Outra característica de Juju era a irreverência. Lidava com os pedidos improváveis e os prazos impossíveis com muito bom humor. Já tinha sua própria lista de frases feitas antes delas serem banalizadas pelos e-mails e pelas redes sociais: é rapidinho, eu sei que você é capaz, é só trocar os números... E, para as horas mais críticas, quando era indispensável um humor mais ácido, guardava consigo um nariz de palhaço.

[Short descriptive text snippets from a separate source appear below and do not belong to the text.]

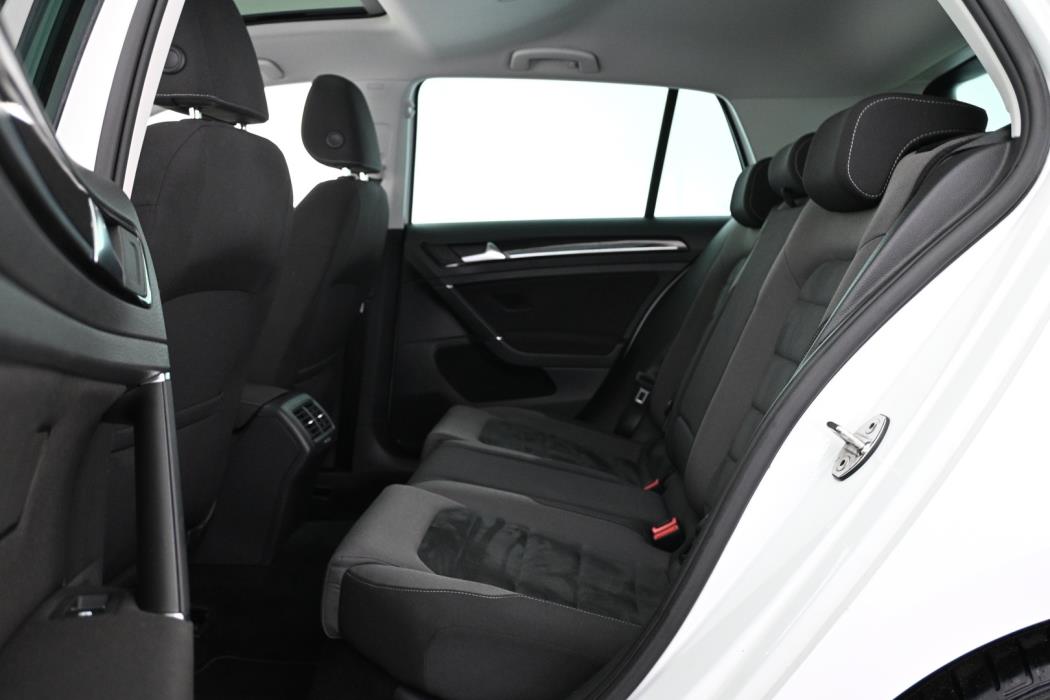 VOLKSWAGEN Golf 2018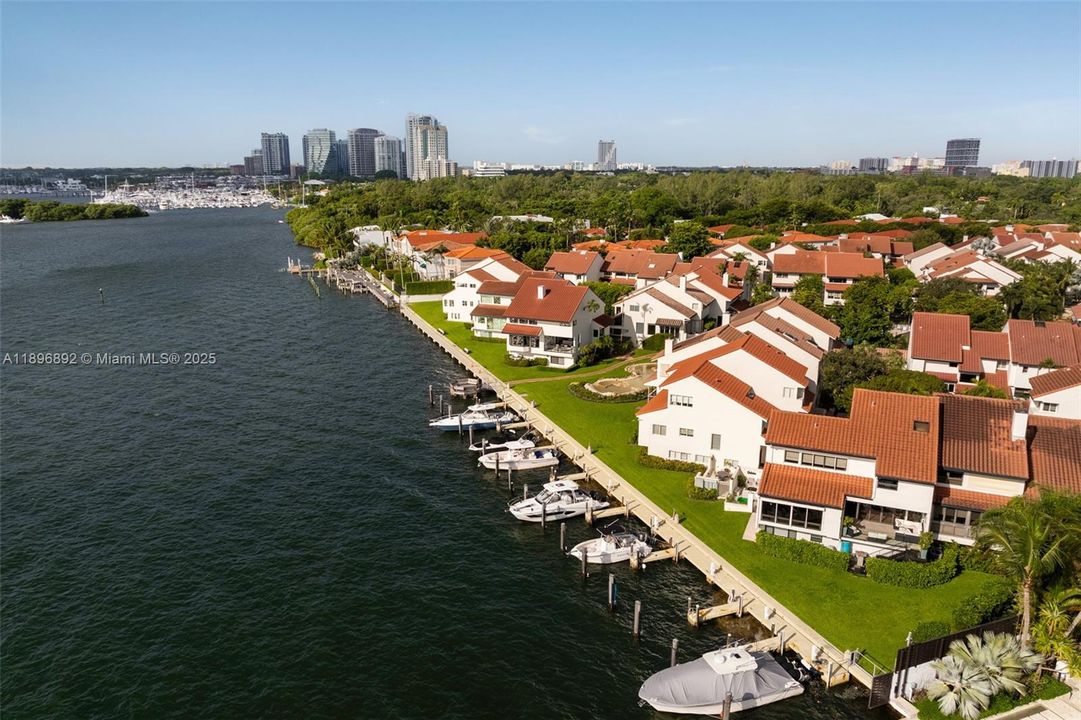 待售: $3,495,000 (4 贝兹, 4 浴室, 3725 平方英尺)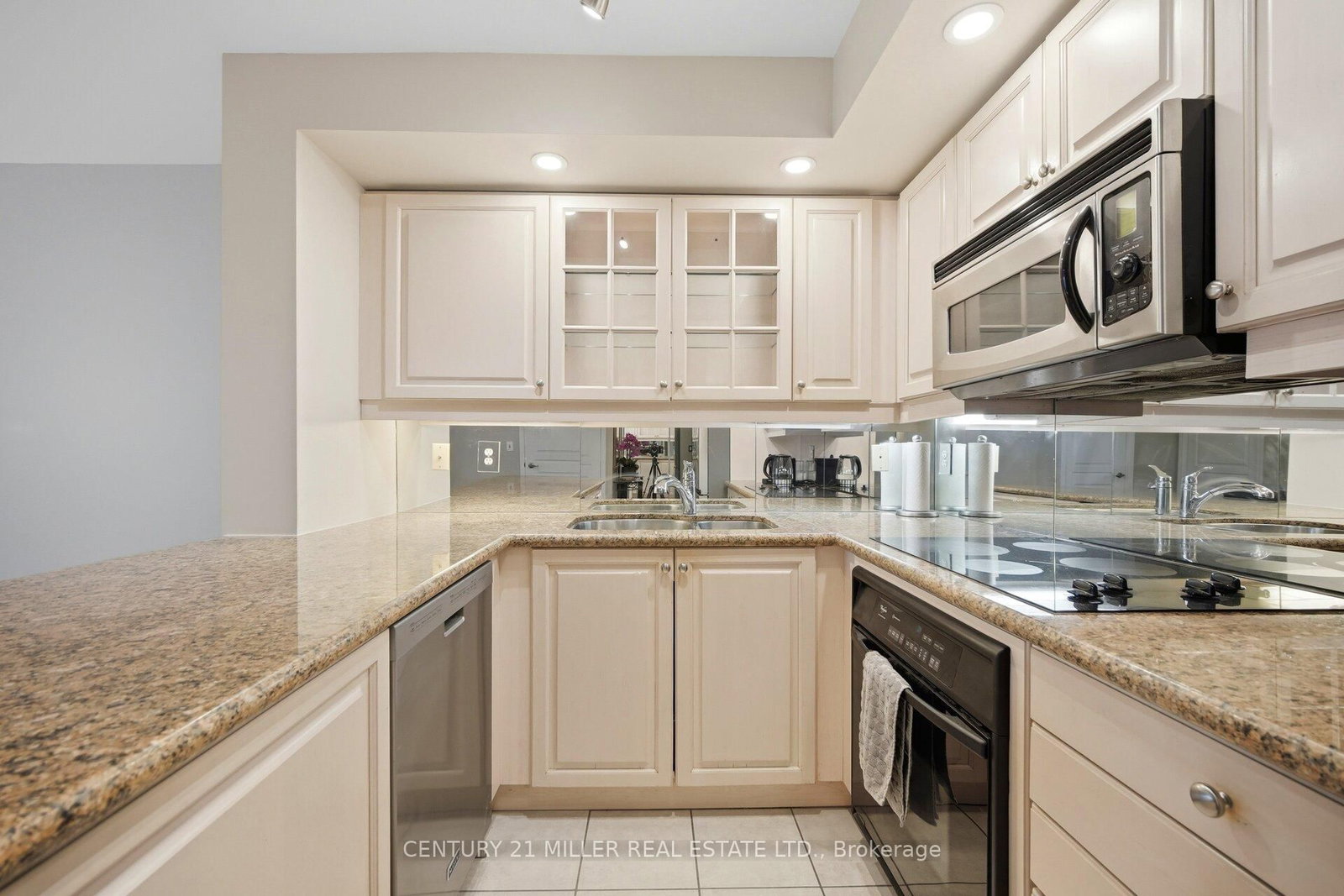 140 Simcoe Road • #-12 • Toronto, ON photo 9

Quando o departamento em que trabalhei nos últimos anos foi criado, Juarez iniciou uma tradição que acabou se consolidando como forma de homenagem depois de sua morte: o troféu Schwarzenegger trocava de mãos toda vez que um novo colaborador era contratado para o departamento, ou sempre que um estagiário era promovido a geólogo ou engenheiro (as mulheres eram poupadas dessa brincadeira). Após a cerimônia de passagem do troféu, cabia ao novato guardar na própria gaveta uma cópia de uma foto do ator em tempos de Mister Universo, mostrando quase todos os seus músculos.

Já se passaram dois anos de seu falecimento, mas a presença de Juarez era tão marcante, que mesmo aqueles que não tiveram a chance de conhecê-lo acabaram virando admiradores. E, por isso tudo, pelos quase 15 anos que passamos juntos, tenho certeza de que um dia vamos nos reencontrar. E a conversa começará com um convite: senta aqui, caboclo.

domingo, 3 de maio de 2015

O Adeus de Maria

Na falta da padaria, fechada havia pouco tempo, fomos até o posto de gasolina que fica na esquina da São João Batista com a Mena Barreto para comprar uma garrafa de mate.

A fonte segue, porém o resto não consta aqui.